As the “Assessment and collection by tax authorities” has been implemented, tax authorities may review the historical social insurance data and seek recovery of the outstanding amount. We recommend companies to start an internal compliance audit in the near future, and rectify any possible non-compliance conduct. The following measures could be considered for lowering the labour cost:

  • Direct measures

    • Reduce headcount: Company can improve production efficiency and reduce headcount by redesigning the organisational structure and optimising the management team, etc.

    • Salary reduction: The social insurance premium is calculated based on the employee’s actual salary. Therefore, reducing employees’ wages is the most direct measure to reduce the cost of social insurance for the company. At the same time, the company should pay attention to the compliance risks involved in the process of salary reduction and staff re-positioning.

  • Indirect measures

    • Engagement: Companies may consider adopting flexible engagement such as hiring intern, part-time staff, staffing agencies or staff outsourcing for non-core positions to ease social insurance premiums pressure;

    • Design of remuneration structure: Companies may make full use of mainland China’s policies and regulations on excluding total payroll and social premiums base from the actual salary structure and accounting record. Enterprises are reminded that certain items can only be used in a short-term manner and the amount cannot be too large (e.g., one-child related subsidy). 

Conclusion

With the improvement of systems such as big data, and the implementation of the Reform, the collection and administration of social insurance premiums will be further strengthened. From a long-term perspective, all non-tax costs (e.g., Housing Fund, and Disability Insurance Fund) may also be included as part of the tax administration system, with a gradual transition of the responsibilities of tax authorities from “collection” to both “collection and management” of non-tax cost.

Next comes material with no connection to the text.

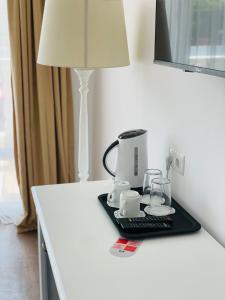 拉夫达Hotel AVENUE的桌子上的一个咖啡壶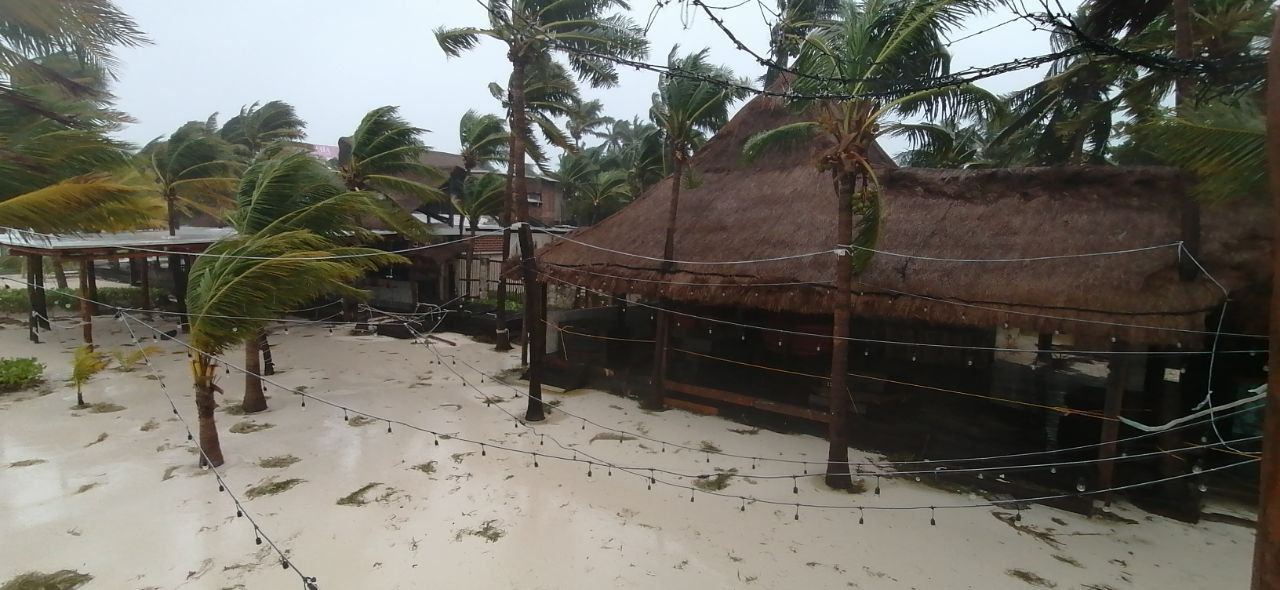 Habitantes y turistas abandonaron la isla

Under such trend, companies in mainland China should ensure compliance with laws and regulations in the design and implementation of their tax planning scheme. Foreign enterprises intending to carry out business in China should design their organisational structure and personal arrangement scheme of their branches in accordance with the overall policy. 

Deacons will continue to monitor the development of relevant policies and laws and provide an update.